In Warrandyte, we grew up with fire plans and a wary eye on days where there was a hot northerly wind in summer. My mum has stood on the roof of our house stuffing the downpipes with rags so she can fill the gutters with water, and has put out spotfires in the garden from burning embers carried on the wind. I was 17 and raged with helplessness from a mile up the road, because they wouldn't let me across the bridge at the Yarra to help her.

Melbourne's outskirts are burning again today, and people have died and they say there could be hundreds of homes burned. Towns that once marked stages in my journey as I drove from Mitchelton at Nagambie to Melbourne and 'home' will now be remembered for Black Saturday, February 7: Broadford, Kilmore, Wallan, Clonbinane... and others from 'the back road' down to Mum's: Whittlesea, Kinglake, Hursbridge.

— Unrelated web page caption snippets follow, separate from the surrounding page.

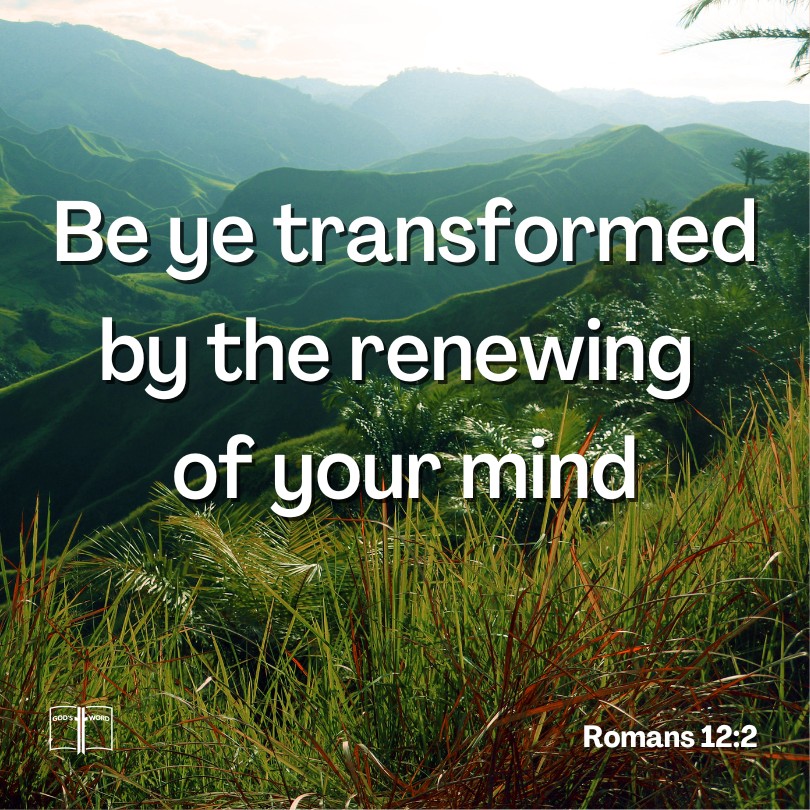 And be not conformed to this world: but be ye transformed by the renewing of your mind, Romans 12:2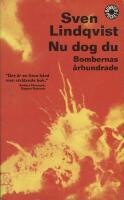 Nu dog du : Bombernas &aring;rhundrade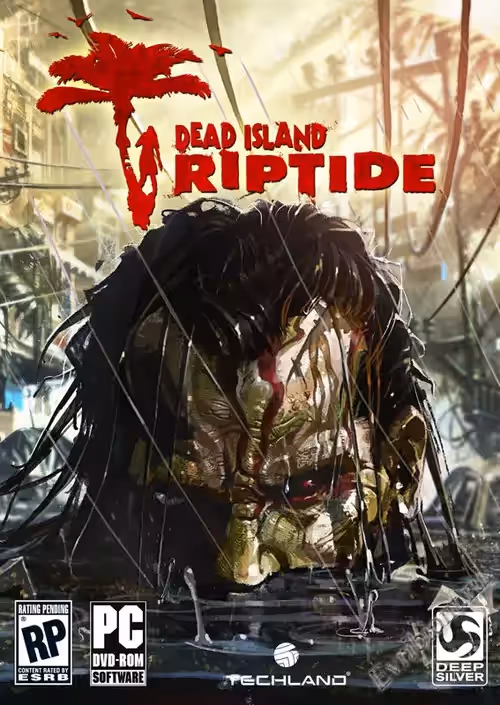 Dead Island: Riptide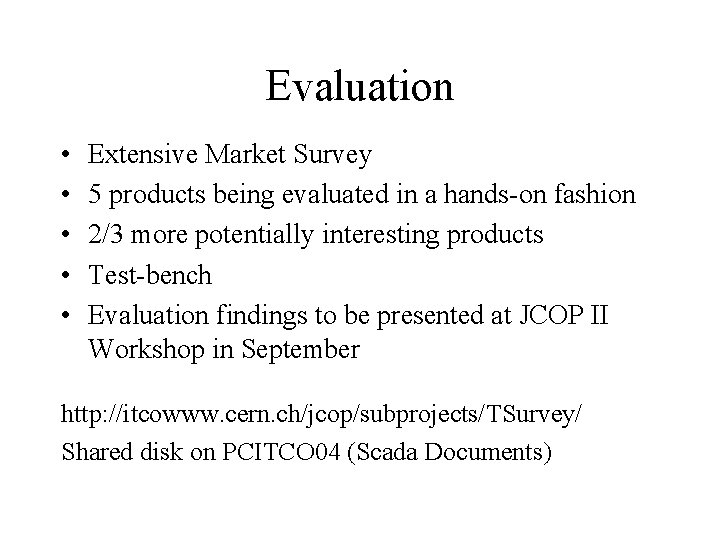 Evaluation • • • Extensive Market Survey 5 products being evaluated in a hands-on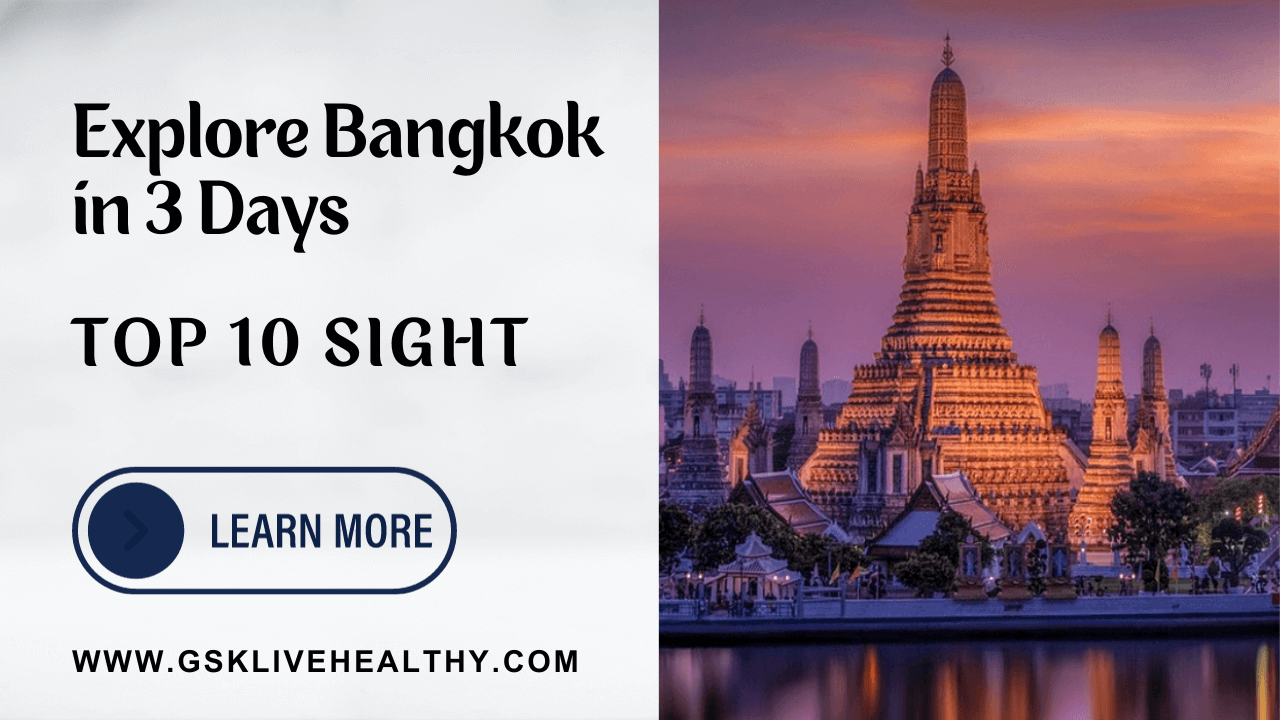 Top 10 Sights - Explore Bangkok in 3 Days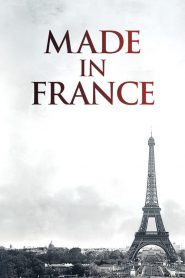 Made in France  [HD] (2015)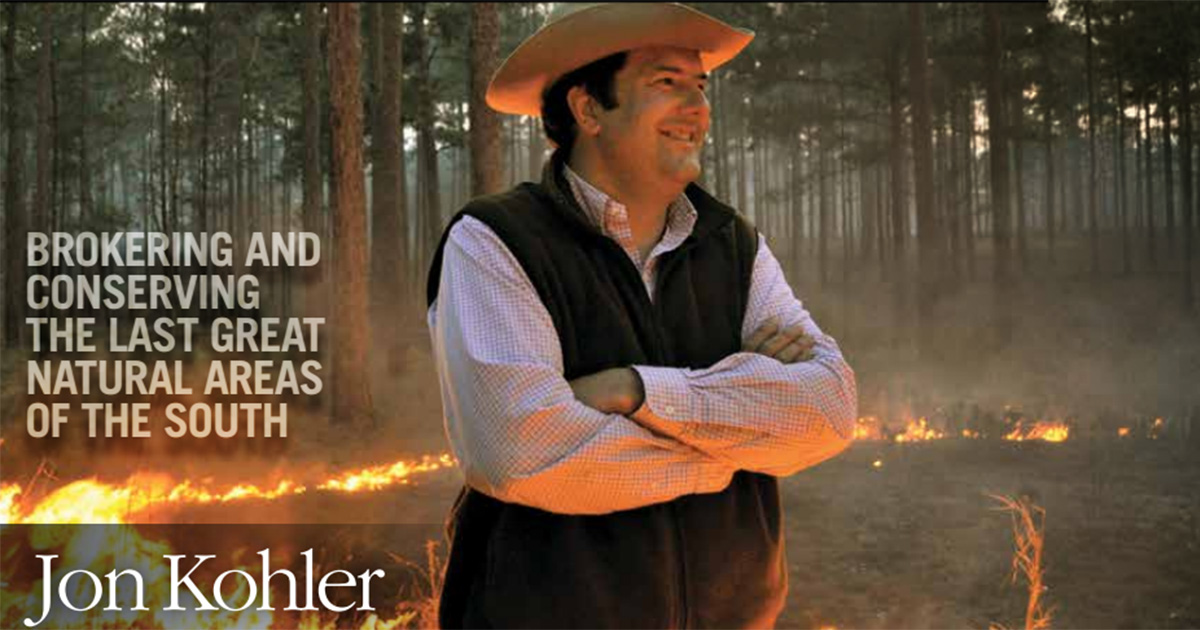 Jon Kohler Brokering and Conserving Natural Lands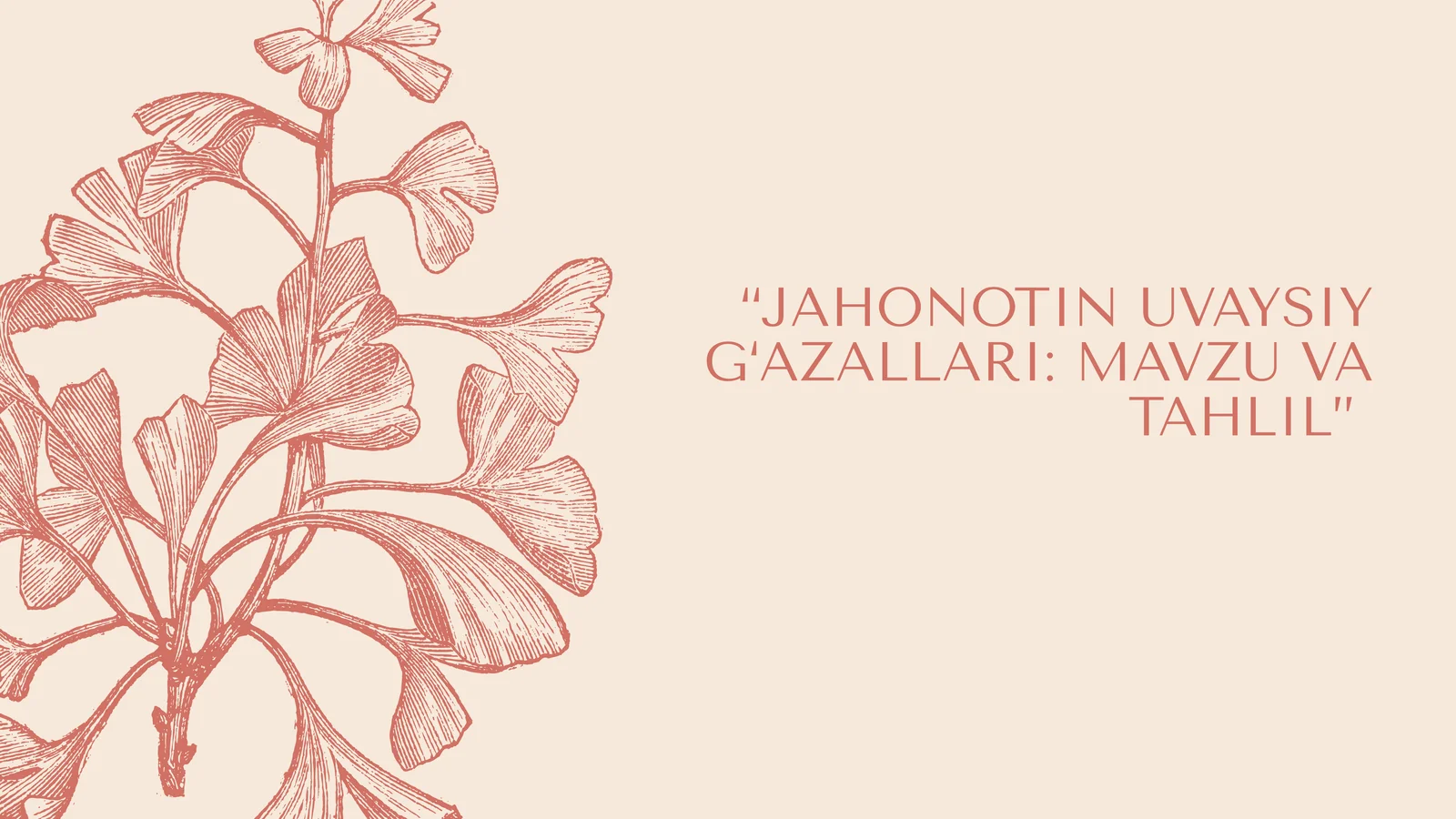 JAHONOTIN UVAYSIY G‘AZALLARI: MAVZU VA TAHLIL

They're all in trouble tonight, along with Gippsland and Horsham and other places too.

Folks here in England can't possibly understand the concept of a fire so out of control that it's all you can do to get the people out. It can race up a hillside in seconds, gut a house in minutes. Flames roar 70 feet high and generate their own 100km an hour winds as they suck all the oxygen from the air.

A couple of years ago, one such fire burned out an area the size of Portugal in the high country - although few if any lives were lost. This time, the area is much, much smaller, but the results are much, much worse...

I don't much feel like watching the rugby any more.